Midsummer on Easter Island--February in the Southern Hemisphere--is the time for the annual festival known as “Tapati.” It started originally as a hometown event featuring song, dance, and poetry--very much a local party. The events were often scheduled for outdoors, so they frequently were rained out in mid-performance.
In 1983, a new gym was constructed. It had a stage and bleachers up the sides and so festival performances -- dancing, chanting, beauty contestants, kai kai chants – were held indoors. Kai kai refers to string figures accompanied by chants, and very popular with the Rapanui who watch and listen intently. When a kai kai performance is done properly and elegantly, everyone breaks into cheers and applause.
A big street parade always comes toward the end of each festival. Every candidate for queen has a float and all those participating are painted and dressed in costumes. They wind around the streets, accompanied by singing and chanting islanders. It ends at the gym for a dance that lasts all night.

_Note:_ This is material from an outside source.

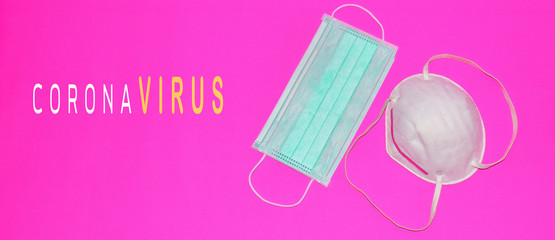 Two masks to protect against dust and viruses on a pink background with the message coronavirus COVID-19.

Costumes in the early days were simple but creative, made from bark cloth, cardboard, bed sheets, foliage. The festival was an event for themselves, not for tourists. But all that changed after Hollywood’s influence. Kevin Costner’s film was made here and every islander worked on it, in some capacity. They learned about staging, costume-making, and dramatic lighting effects, and they carried these new skills and concepts into their annual festival.

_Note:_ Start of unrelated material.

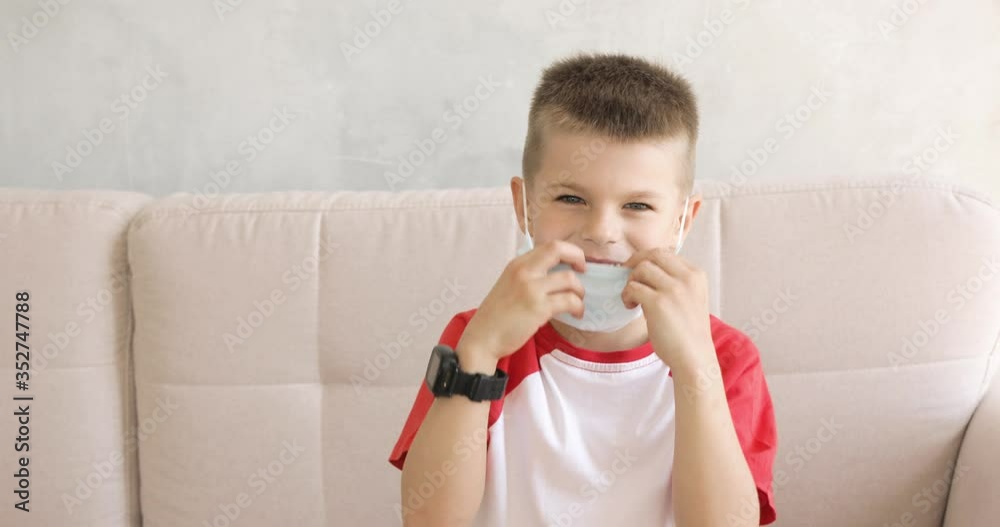 Portrait of smiling child boy wearing medical mask on quarantine sitting on sofa. He is playing with mask dressing it on face. Covid-19, coronavirus pandemic, epidemic, protective wear against virus. Portrait of smiling child boy wearing medical mask on quarantine sitting on sofa. He is playing with mask dressing it on face. Covid-19, coronavirus pandemic, epidemic, protective wear against virus.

Other festival events include spear-fishing, canoe races, swimming races, horse races, body painting competitions, a vegetable growing competition, backcloth making, and even shell bead-making. The events are hotly contested, for each person competing in an event is earning points for one of the three queen candidates. Each candidate represents one of the island family lines so there is considerable family pride and one-upmanship involved. Losers are taunted, and anger often spills over.

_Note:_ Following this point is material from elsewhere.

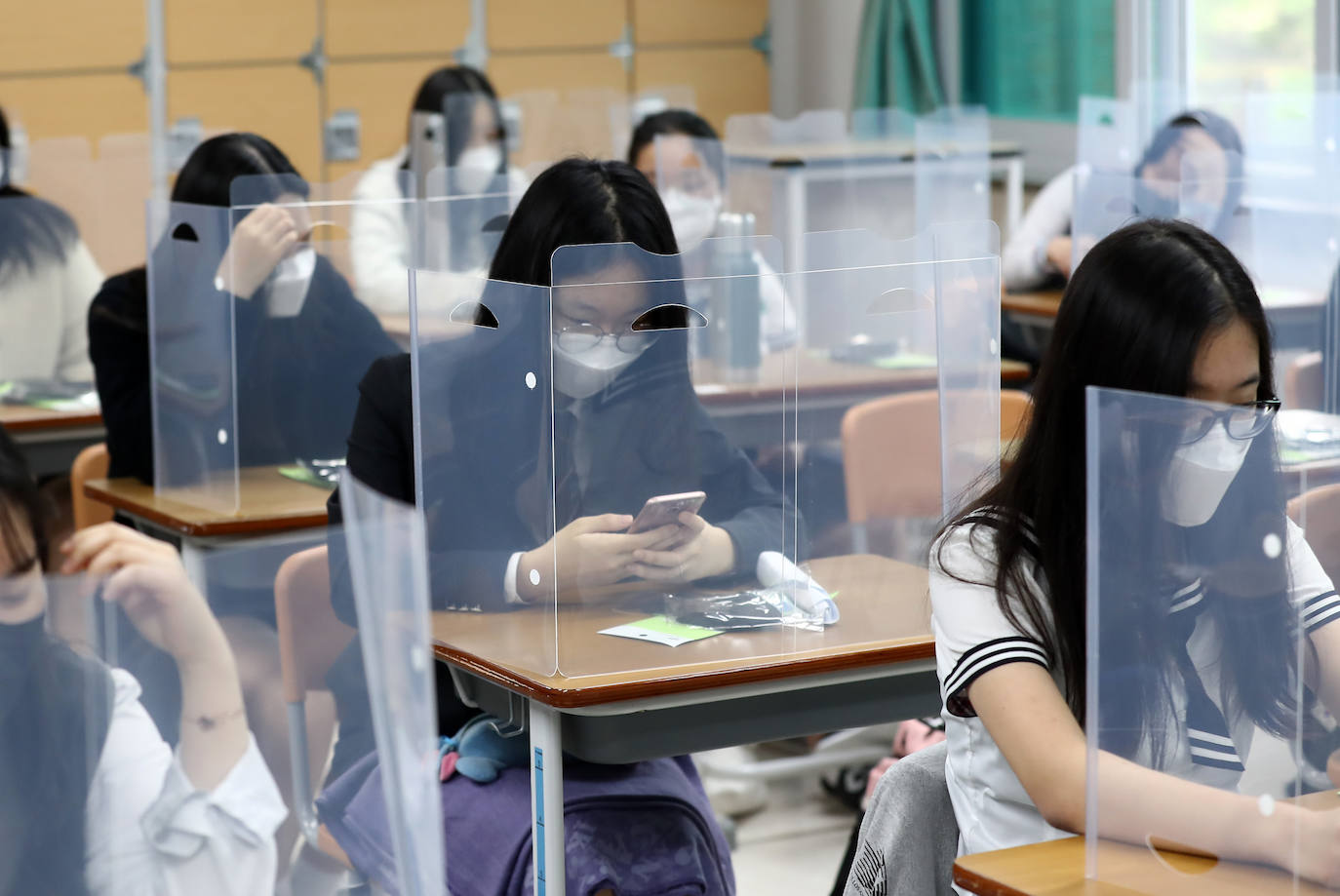 Corea del Sur, uno de los primeros países infectados por el coronavirus que surgió en la ciudad china de Wuhan, está recuperando poco a poco la normalidad. Muestra de ello ha sido el regreso a las clases de sus estudiantes. Los primeros en volver a los pupitres han sido los alumnos de bachillerato; el resto se irá incorporando poco a poco. No obstante, el inicio del curso escolar se ha hecho con una serie de medidas para evitar los contagios entre los estudiantes: el uso de mascarillas en todo momento, limpieza de los pupitres, ventilación continua de los cuartos, mámparas en el comedor y en las mesas y tomas de temperatura al entrar al colegio, todo ello, manteniendo las distancias de seguridad.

Another festival event, a kind of triathlon, is held inside the statue quarry near Rano Raraku’s lake. This traditional event was not altered by Hollywood’s influence; it already was sufficiently bizarre. Barefoot male contestants wearing only body paint and skimpy barkcloth g-strings called hami first paddle across the lake on bundles of reeds. They then pick up bunches of bananas on each end of a pole and, slinging the load across their shoulders, run around the crater. Then up the hill again to grab bundles of reeds, around the lake once again, and then swim back. It is a gruelingly rough competition. This always is a well-attended event, probably because everyone keeps hoping the barkcloth hami might dissolve in the water.
But the most amazing event is known as haka pei, the “banana slide.” Contestants slide down a steep hill while perched on two banana tree-trunks, lashed together. They lay face up on this contraption, their feet braced against a short crosspiece. The one who remains on his tree trunk and goes the farthest, wins. It is suicidal. The contestants wear only tiny hami, plus lots of feathers and body paint, and so they have no protection. Every year some participants end up in the island’s hospital with broken bones, or worse.
The final Tapati event, the crowning of the queen, takes place at the archaeological site of Tahai, with Ahu Vai Ure illuminated from behind. A spotlight highlights Ahu Tahai and the actual crowning is done by torchlight—dozens of torches flickering in the dark. Behind it all, a huge moon casts a silver light across the water. A dynamite event!
All of these events and activities are accompanied by a lot of party-time. Following each evening event, everyone flocks to the disco where they dance and drink until daylight. Nothing else happens in the village during the festival events, for everyone is involved, in some way, with Tapati. Women sew costumes, dancers rehearse for months in advance, those planning to compete in the swimming or other athletic events practice to get into shape for their special event. Island artisans carve items for an exhibit and sale. What started out as a strictly local and small-scale island competition has morphed into the Big Time. Now, thousands of tourists come to the island to be there for the “party”. The festival has become big business.
The municipalidad prints a colorful poster each year to advertise the coming Tapati festival. These are posted around the village and sent around South America via Chilean consulates, in the hope of encouraging visitors to come to the island. One year the Tapati poster featured a photograph of a statue combined with close-up shots of several islanders. While one handsome and prominently featured islander enjoyed his 15 minutes of fame, police in Argentina saw the poster. They recognized him as a fugitive from justice. International police appeared and took him away. What price fame?